The Second Amendment Right to Bear Arms
By Robert Phillips, Deputy District Attorney (Ret).
Ruling: State statutes restricting a law-abiding adult citizens’ right to keep and bear arms by requiring a showing of “proper cause” violate the Second and Fourteenth Amendments, U.S. Supreme Court decision says.
Discussion: I periodically get asked why I haven’t briefed the U.S. Supreme Court’s latest pronouncement supporting the right to carry a concealed firearm under the Second Amendment; i.e., New York State Rifle & Pistol Association v. Bruen (June 23, 2022) __ U.S. __ [142 S.Ct. 2111; 213 L.Ed.2nd 387].
The simple answer is (1) this new case has nothing to do with search and seizure law upon which I concentrate, and (2) the decision is long (some 70 pages) and complicated, defying any mortal human being’s ability to fully comprehend.
But because I’ve received a number of requests to make the attempt, and because Bruen is likely to have a profound effect on California’s restrictive firearms laws, I have relented and agreed to at least compromise, writing this Editorial/Admin Note.
The Ruling
Bruen is a 6-3 decision authored by Justice Clarence Thomas, overturning a decision out of New York (see N.Y. State Rifle & Pistol Association v. Beach (2nd Cir. N.Y. Aug. 16, 2020) 818 Fed. Appx. 99.). In Bruen, the Supreme Court ruled that the petitioners (“two ordinary, law-abiding, adult citizens”) were unlawfully denied their right to “bear” arms – violating their Second (“keep and bear arms”) and Fourteenth (“due process”) Amendment rights – when they were told that they didn’t qualify for a permit to carry firearms (whether concealed or exposed) outside the home.
In their respective petitions, the two New York residents alleged only that they wished to carry firearms for general self-protection, failing to note any specific threats to their well-being. New York determined that this was not enough, denying their petitions. The U.S. Supreme Court disagreed.
In his written decision, Justice Thomas notes that only six states (which include New York and California; see Cal. Penal Code § 26150) and the District of Columbia have what are referred to as “may issue” licensing laws, under which authorities have the discretion to deny concealed-carry licenses even when the applicant has satisfied that jurisdiction’s statutory “law-abiding, adult citizen” criteria. (In California, a sheriff “may issue” a CCW permit only if the applicant shows “good cause” for the issuance of the license. See subdivision (a)(2) of section 26150.)
In New York, an individual who wants to carry a firearm outside his home (whether concealed or openly exposed) may obtain an unrestricted license to “have and carry” a concealed “pistol or revolver” if, and only if, he can prove that “proper cause exists” for doing so. New York’s issuing authority has an amazing amount of discretion in deciding whether “proper cause” exists, commonly denying gun owners’ petitions.
Referring to New York’s requirements for obtaining an unrestricted license, the Supreme Court ruled that as written and applied, New York’s statutes violated the two petitioners’ Second and Fourteenth Amendment rights.
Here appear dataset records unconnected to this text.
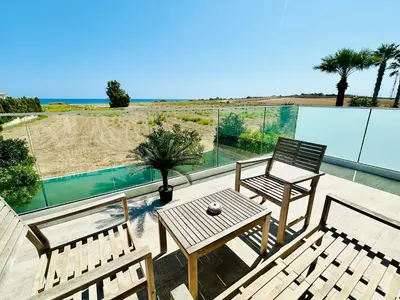 a patio with two chairs and a table on a balcony at Luxury Villa LAPIS LAZULI in Meneou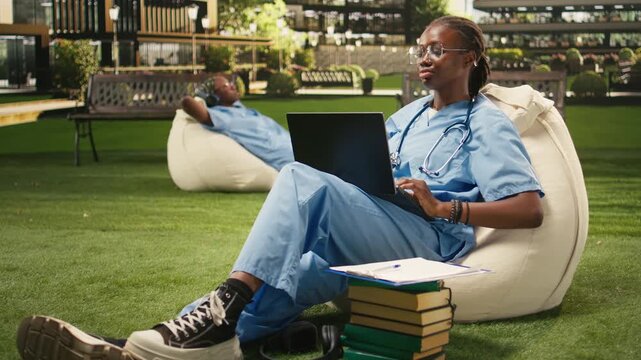 The portrait shows a Black medical student smiling and typing on a laptop while seated on a beanbag in a bright modern campus courtyard during outdoor medical school training, with study notes nearby.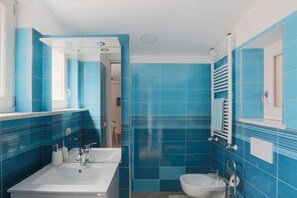 Un baño con azulejos azules, un lavabo, un inodoro y un espejo.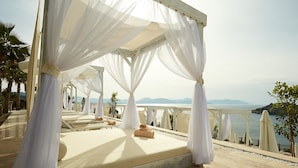 Un área de estar exterior lujosa con toldos blancos y vista al mar.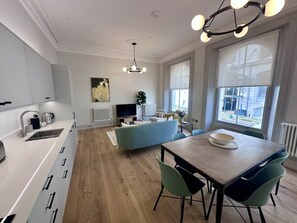 Une cuisine moderne avec un coin repas, un téléviseur et un radiateur.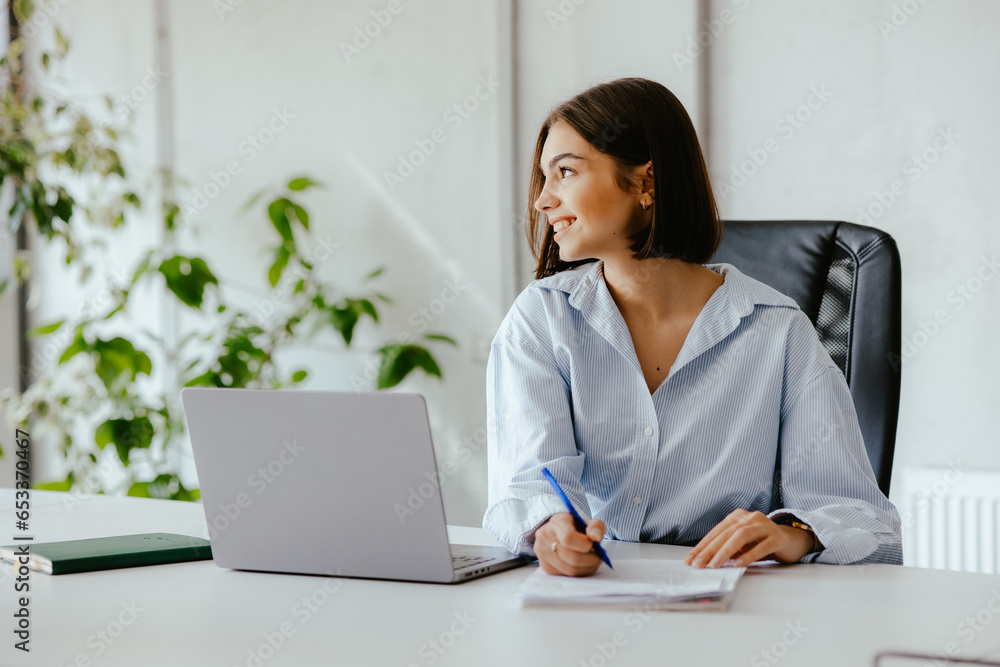 Woman with papers in an office working at her desk with a laptop in front of her. Woman with papers in an office working at her desk with a laptop in front of her.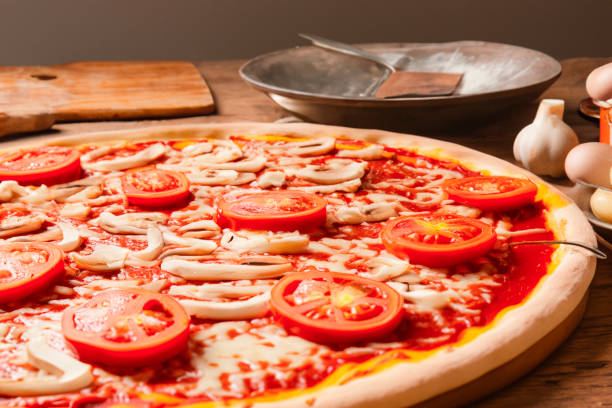 Italian Pizza Napoletana in Messy Kitchen with Cooking Ingredients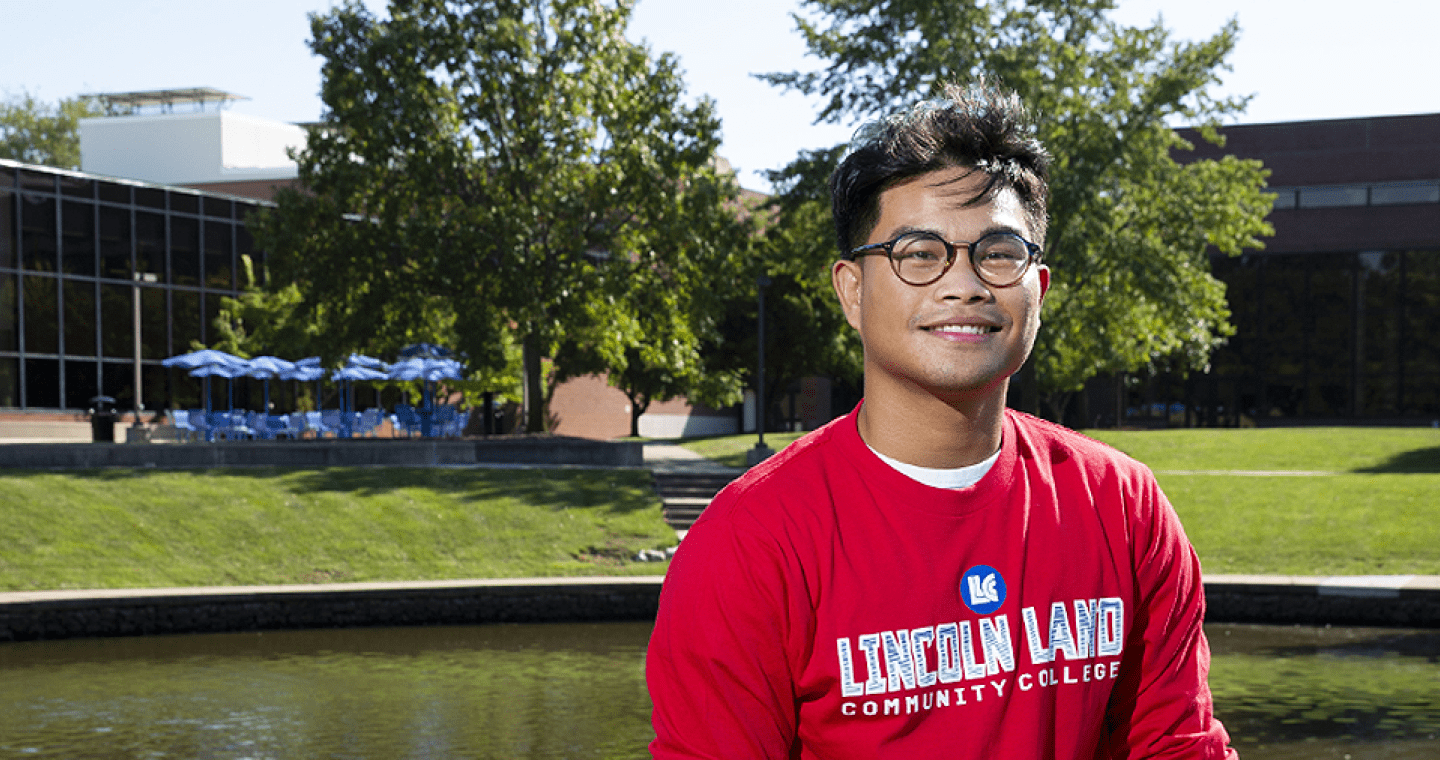 Student with LLCC shirt in foreground; lake and outdoor seating on campus in background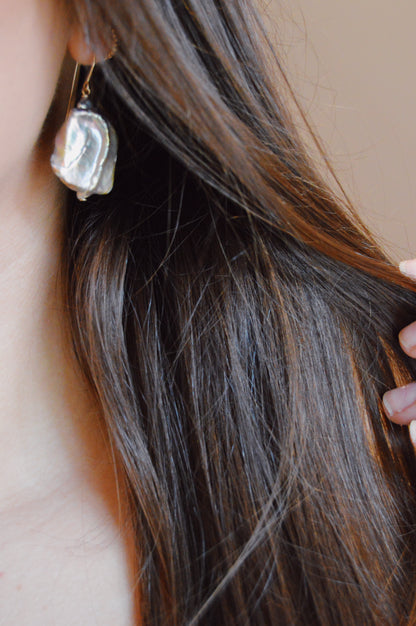 Close-up of a person with long brown hair holding a lock of hair, wearing Pearl Drops—a large, irregularly shaped Cultured Freshwater Pearl earring. This elegant piece of handcrafted jewelry stands out against a softly blurred background.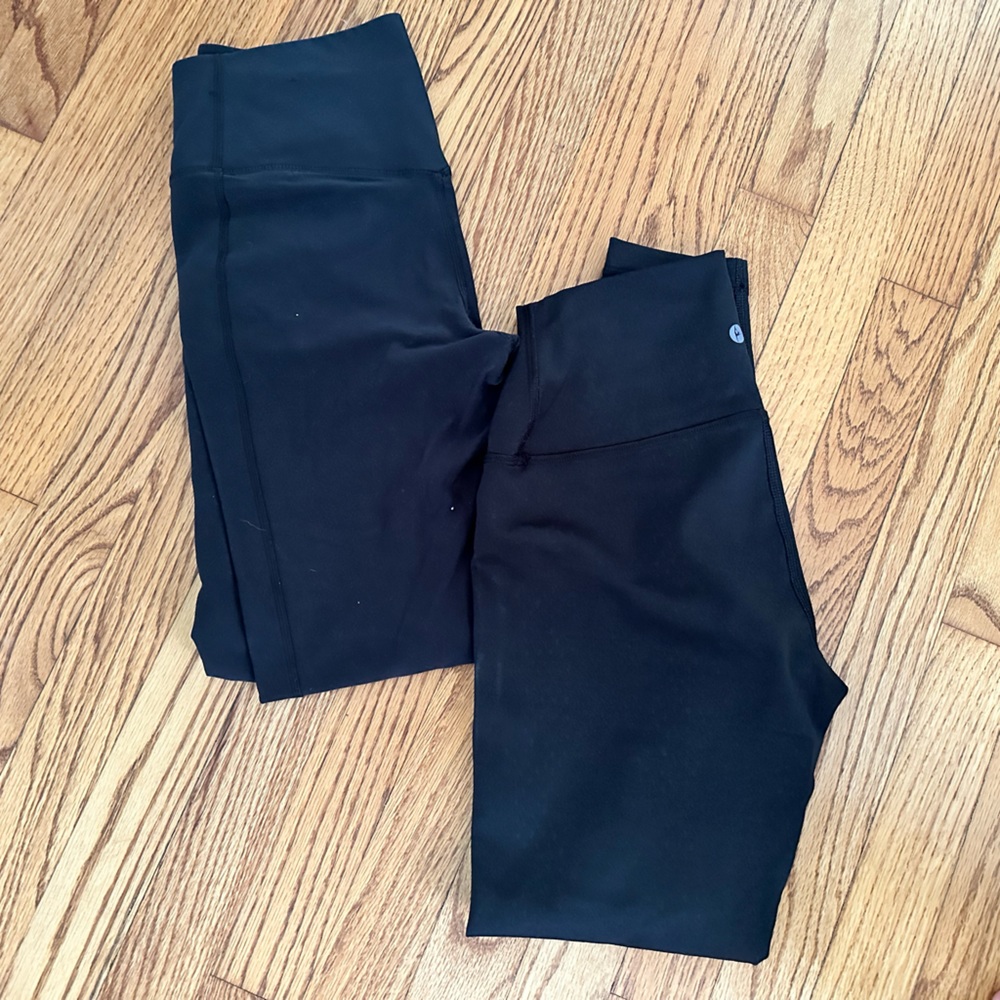 Two pairs of tight fitting black leggings, bought from TJ Maxx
The Court held that when determining the constitutionality of a state’s firearms statutes under the Second Amendment, it is required that the government be able to show that the regulation at issue “is consistent with the nation’s historical tradition of firearm regulation.” In applying this test, the Court found that “New York’s proper-cause requirement violates the Fourteenth Amendment by preventing law-abiding citizens with ordinary self-defense needs from exercising their Second Amendment right to keep and bear arms in public for self-defense.”
Is California’s Law Next?
The Court provides us with a long and excruciatingly painful historical review of the Second Amendment since its inception in 1791, as well as the Fourteenth Amendment’s due process clause enacted in 1868. The bottom line, as ruled by the Court, is that New York’s restrictive firearms concealed and open carry statutes fail to pass the smell test. One can make the same argument that when tested, California’s concealed carry statutes may suffer the same fate. But that, of course, remains to be seen.